About this task - Copy exactly, and copy nothing else: the line that contains "前面の住まいとの距離感があるから、圧迫感を感じません。" and all lines after it in the listing, without pictures.

*** Source material ***

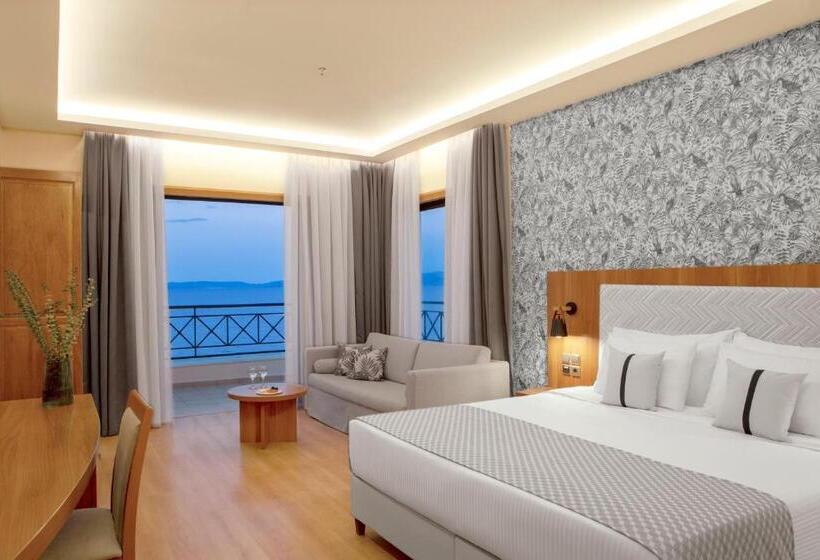 Habitación Premium Vista al Mar., Ramada by Wyndham, Athens Club Attica Riviera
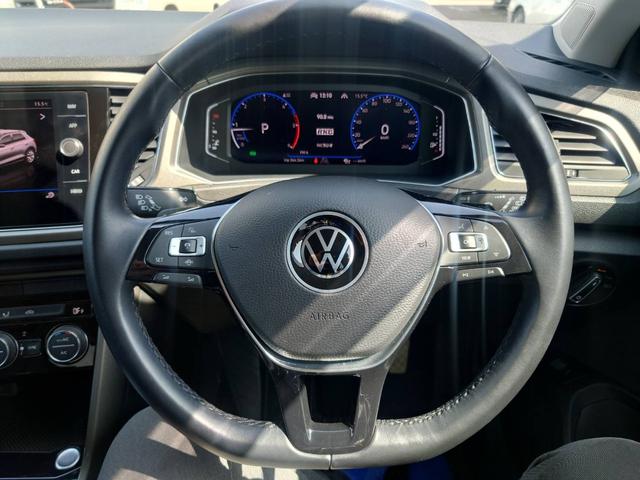 ＴＤＩ　スタイルデザインパッケージ　純正ディスプレイオーディオ・ナビ　ＬＥＤヘッドライト　ＶＷオールイン・セーフティー　リヤビューカメラ　ＥＴＣ　スマートキー　プッシュスタート　パーチャルコクッピト　パワーバックドア(11枚目)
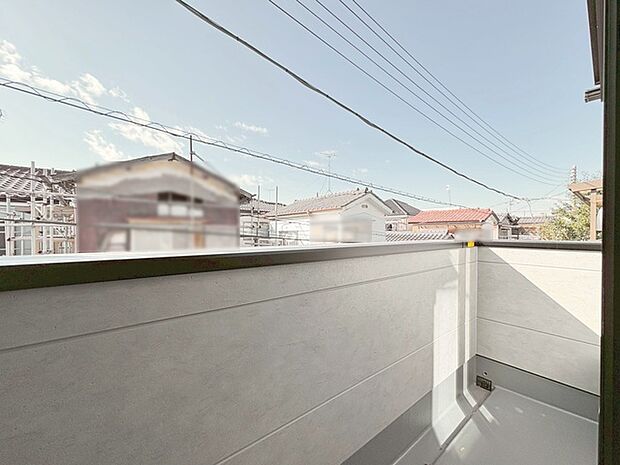 前面の住まいとの距離感があるから、圧迫感を感じません。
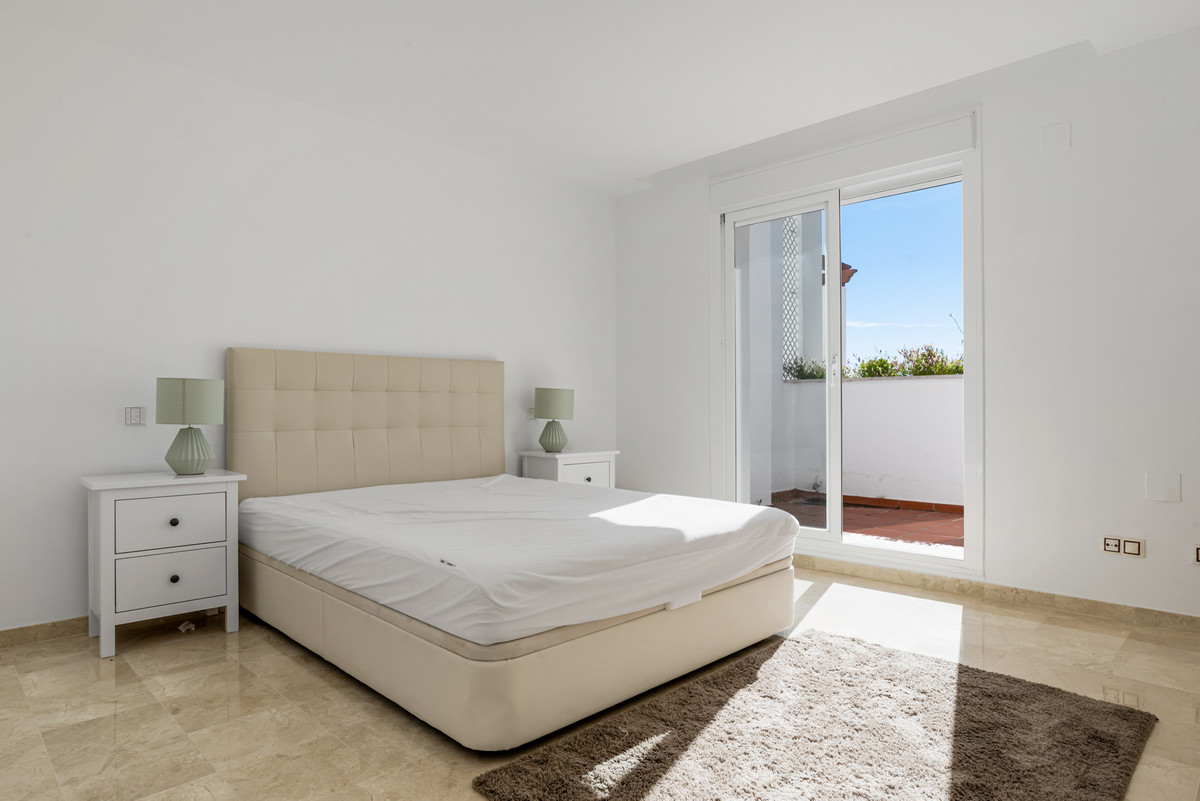 4 Bedroom Apartment for Sale in Nueva Andalucía — 5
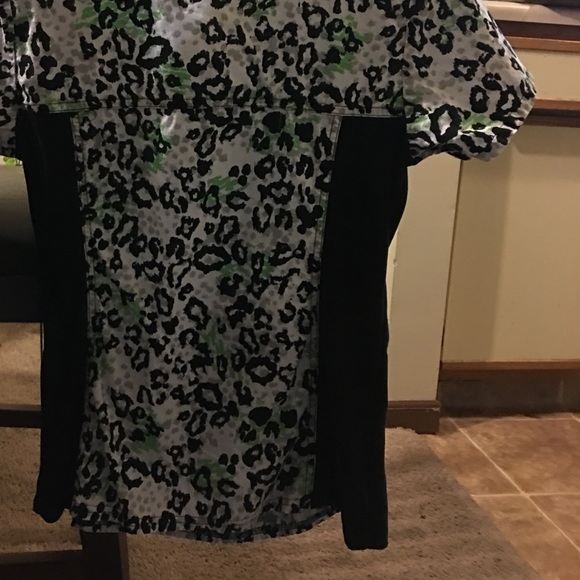 Cherokee Scrub Top - Picture 4 of 4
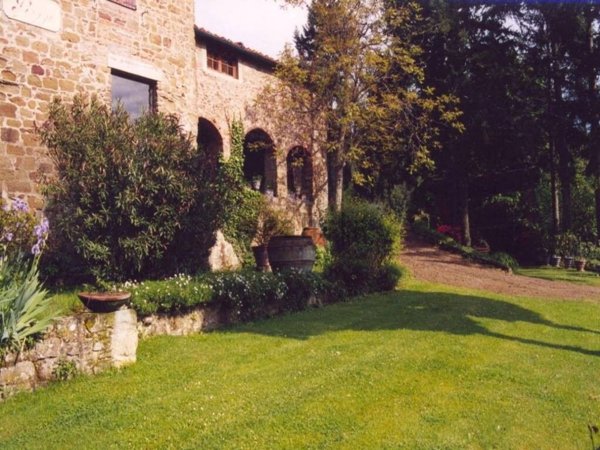 casale in vendita a Reggello in zona Donnini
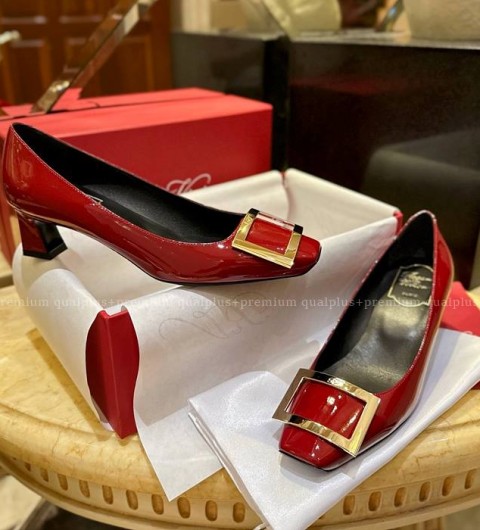 로저비비에 트럼펫 메탈 버클 펌프스 여성용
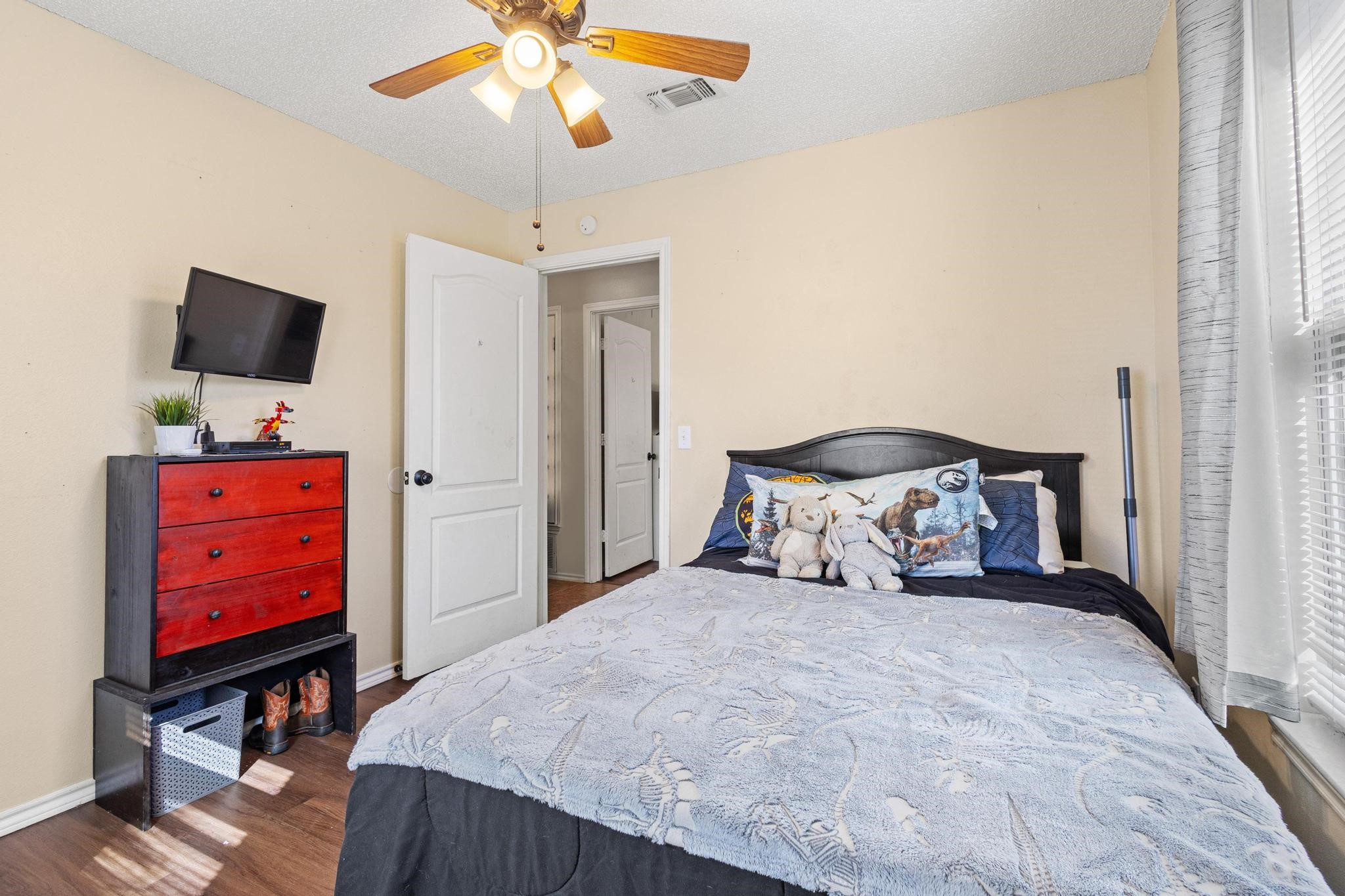 625 County Road 13300 Paris TX 75462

*** End of Source material ***

Answer to this problem -
 前面の住まいとの距離感があるから、圧迫感を感じません。
 4 Bedroom Apartment for Sale in Nueva Andalucía — 5
 Cherokee Scrub Top - Picture 4 of 4
 casale in vendita a Reggello in zona Donnini
 로저비비에 트럼펫 메탈 버클 펌프스 여성용
 625 County Road 13300 Paris TX 75462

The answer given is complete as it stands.